**TASK DETAILS**
Look below for the line that has "Full-length photo of". Set down the lines from there through the line that has "Bathroom featuring a", exactly as written.

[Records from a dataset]
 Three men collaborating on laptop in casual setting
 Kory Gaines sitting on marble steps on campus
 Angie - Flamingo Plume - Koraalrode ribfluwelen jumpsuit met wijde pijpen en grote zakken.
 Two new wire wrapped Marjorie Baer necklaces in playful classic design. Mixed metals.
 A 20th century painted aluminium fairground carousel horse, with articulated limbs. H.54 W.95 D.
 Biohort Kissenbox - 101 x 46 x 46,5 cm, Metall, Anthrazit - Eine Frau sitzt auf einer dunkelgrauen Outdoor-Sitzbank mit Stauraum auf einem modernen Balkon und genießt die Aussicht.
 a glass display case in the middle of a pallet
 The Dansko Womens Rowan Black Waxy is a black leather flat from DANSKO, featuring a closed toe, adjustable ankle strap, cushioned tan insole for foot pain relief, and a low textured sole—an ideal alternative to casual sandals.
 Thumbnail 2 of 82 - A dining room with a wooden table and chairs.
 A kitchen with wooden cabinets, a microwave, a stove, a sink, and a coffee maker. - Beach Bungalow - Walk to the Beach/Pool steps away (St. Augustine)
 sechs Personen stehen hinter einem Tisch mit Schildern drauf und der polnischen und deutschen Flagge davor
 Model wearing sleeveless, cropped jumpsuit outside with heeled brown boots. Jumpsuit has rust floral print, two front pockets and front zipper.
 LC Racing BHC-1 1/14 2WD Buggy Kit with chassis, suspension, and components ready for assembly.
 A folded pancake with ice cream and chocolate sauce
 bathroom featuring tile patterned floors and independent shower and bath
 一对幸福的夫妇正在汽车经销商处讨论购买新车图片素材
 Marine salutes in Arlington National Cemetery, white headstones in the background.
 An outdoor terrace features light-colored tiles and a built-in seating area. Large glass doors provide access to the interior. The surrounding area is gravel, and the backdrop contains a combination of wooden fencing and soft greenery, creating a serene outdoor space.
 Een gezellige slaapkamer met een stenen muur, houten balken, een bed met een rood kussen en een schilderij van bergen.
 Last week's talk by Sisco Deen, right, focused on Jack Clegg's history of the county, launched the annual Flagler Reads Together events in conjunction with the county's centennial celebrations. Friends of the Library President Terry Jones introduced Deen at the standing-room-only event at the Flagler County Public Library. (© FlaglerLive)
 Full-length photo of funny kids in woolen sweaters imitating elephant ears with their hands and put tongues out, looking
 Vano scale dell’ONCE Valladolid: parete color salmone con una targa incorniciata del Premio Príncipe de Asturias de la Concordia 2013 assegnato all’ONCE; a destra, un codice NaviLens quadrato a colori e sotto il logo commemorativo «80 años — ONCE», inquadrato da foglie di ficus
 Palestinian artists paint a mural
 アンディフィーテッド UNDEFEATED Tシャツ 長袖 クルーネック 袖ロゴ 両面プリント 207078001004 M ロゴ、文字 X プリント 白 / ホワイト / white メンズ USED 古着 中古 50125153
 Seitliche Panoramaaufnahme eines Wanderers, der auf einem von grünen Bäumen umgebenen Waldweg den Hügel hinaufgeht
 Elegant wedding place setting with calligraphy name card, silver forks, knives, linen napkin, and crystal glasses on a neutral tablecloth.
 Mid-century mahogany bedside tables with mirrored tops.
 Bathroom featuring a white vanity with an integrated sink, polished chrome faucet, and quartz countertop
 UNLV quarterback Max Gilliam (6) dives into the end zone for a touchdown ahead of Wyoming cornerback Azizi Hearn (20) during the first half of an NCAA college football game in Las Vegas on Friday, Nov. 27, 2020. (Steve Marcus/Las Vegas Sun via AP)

**SOLUTION TO THIS PROBLEM**
 Full-length photo of funny kids in woolen sweaters imitating elephant ears with their hands and put tongues out, looking
 Vano scale dell’ONCE Valladolid: parete color salmone con una targa incorniciata del Premio Príncipe de Asturias de la Concordia 2013 assegnato all’ONCE; a destra, un codice NaviLens quadrato a colori e sotto il logo commemorativo «80 años — ONCE», inquadrato da foglie di ficus
 Palestinian artists paint a mural
 アンディフィーテッド UNDEFEATED Tシャツ 長袖 クルーネック 袖ロゴ 両面プリント 207078001004 M ロゴ、文字 X プリント 白 / ホワイト / white メンズ USED 古着 中古 50125153
 Seitliche Panoramaaufnahme eines Wanderers, der auf einem von grünen Bäumen umgebenen Waldweg den Hügel hinaufgeht
 Elegant wedding place setting with calligraphy name card, silver forks, knives, linen napkin, and crystal glasses on a neutral tablecloth.
 Mid-century mahogany bedside tables with mirrored tops.
 Bathroom featuring a white vanity with an integrated sink, polished chrome faucet, and quartz countertop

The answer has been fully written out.